Человек пытается осмыслить историю с тех самых пор, когда он с ужасом увидел ее непрерывное движение вперед, когда ему удалось схватить историю в метафоре летящей стрелы, выпущенной из лука, зажатого в пальцах великого Творца. Ему оказалось подвластно то, что человеку не удалось подчинить своей воле — время, направленное Историей в сторону смерти. Чтобы признать Бога своим господином, человек должен был понять свое бессилие перед линейной историей, которая началась и закончится без его на того согласия.
Положение стало таковым, что человеку ничего не оставалось делать, как приспособиться к Истории, приняв рождение — в прошлом, жизнь — в настоящем и смерть — в будущем как должное, неизменное и установленное свыше. Монотеистический Бог, впервые возникший в Ветхом Завете (если не считать попытку солнцепоклоннического переворота Эхнатона в Древнем Египте, XV в. до н. э.), возник, пожалуй, как свидетельство примирения, а вернее, смирения человека перед временем, которое никогда не вернется в прошлое.

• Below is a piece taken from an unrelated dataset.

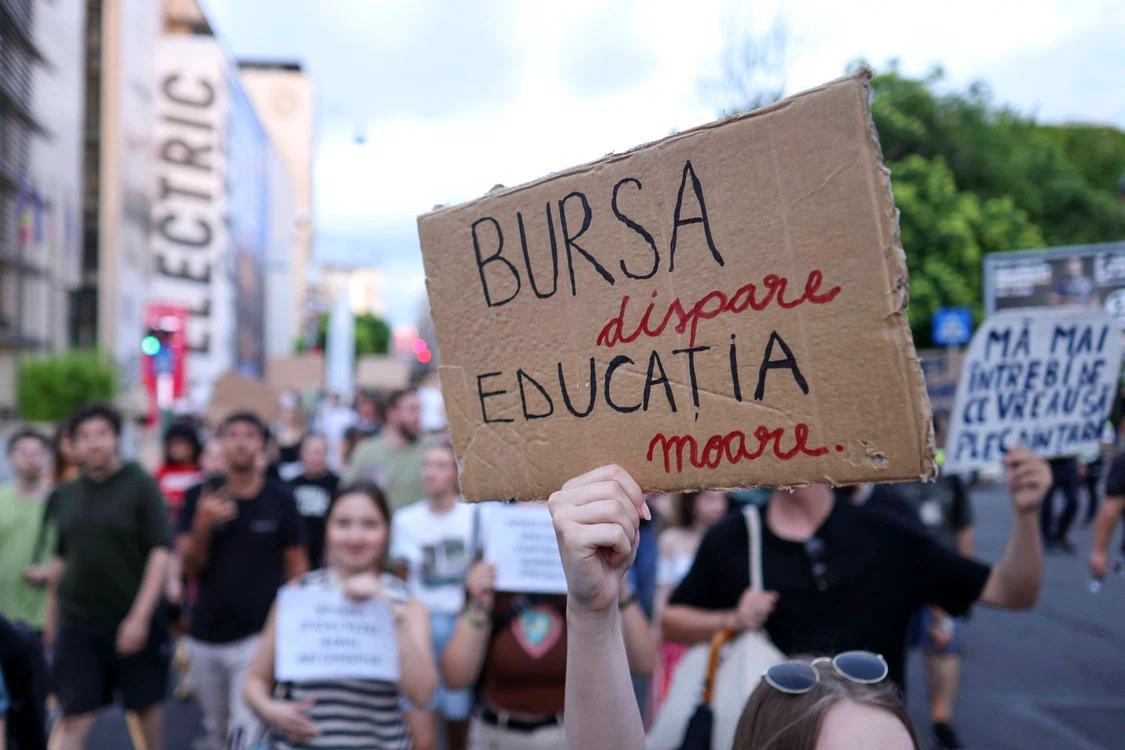 Imagine de la un protest al studenților FOTO Inquam Photos/ Octav Ganea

Время, творящее историю и безжалостно оставляющее человека без надежды на бессмертие. Внося себя в историю, создавая этим свою микроисторию, человек симулирует свое историческое предназначение: существует он на земле не просто так, а для того, чтобы трансцендентное стало доступным мирскому и мирское смогло быть услышано трансцендентным.
История не есть древнейшая форма представления себя человеком: она, как минимум, проигрывает ритуалу, мифу, легенде, письму; она становится одной из базовых структур человеческого сознания, когда человек перестал бояться природы и когда у него появился страх перед Другим. При всей сложнейшей мифологической системе, оставленной нам греками, они так и не изведали чувство исторического (вероятно, оно им было не нужно). Древнеегипетская цивилизация также умерла, не познав сама себя в истории.
Греческая богиня Мнемозина или бог письма Тот у египтян ответствовали не за историческое знание, как это могло бы показаться, а за прошлое, которое в сознании людей тех времен оставалось собственностью настоящего. Культ мертвых в Египте, бессмертие верховных индоевропейских богов, устроителей космического порядка, особенная выживаемость мифологических героев — все это способы сопротивления истории, радикальное неприятие линеарного времени, которое теперь для нас единственно возможное. Языческий человек не воспринимал историю из-за своей онтологической неприспособленности жить без прошлого, оставить прошлое в прошлом.
Письменные памятники индоевропейской древности, Веды или созданная много позже Махабхарата — далеко не исторические книги, при том, что они об «исторических» событиях. Почему? Наверное, потому что травма расставания со временем, признание его нерекурсивности и страха перед Другим придет к человеку позже.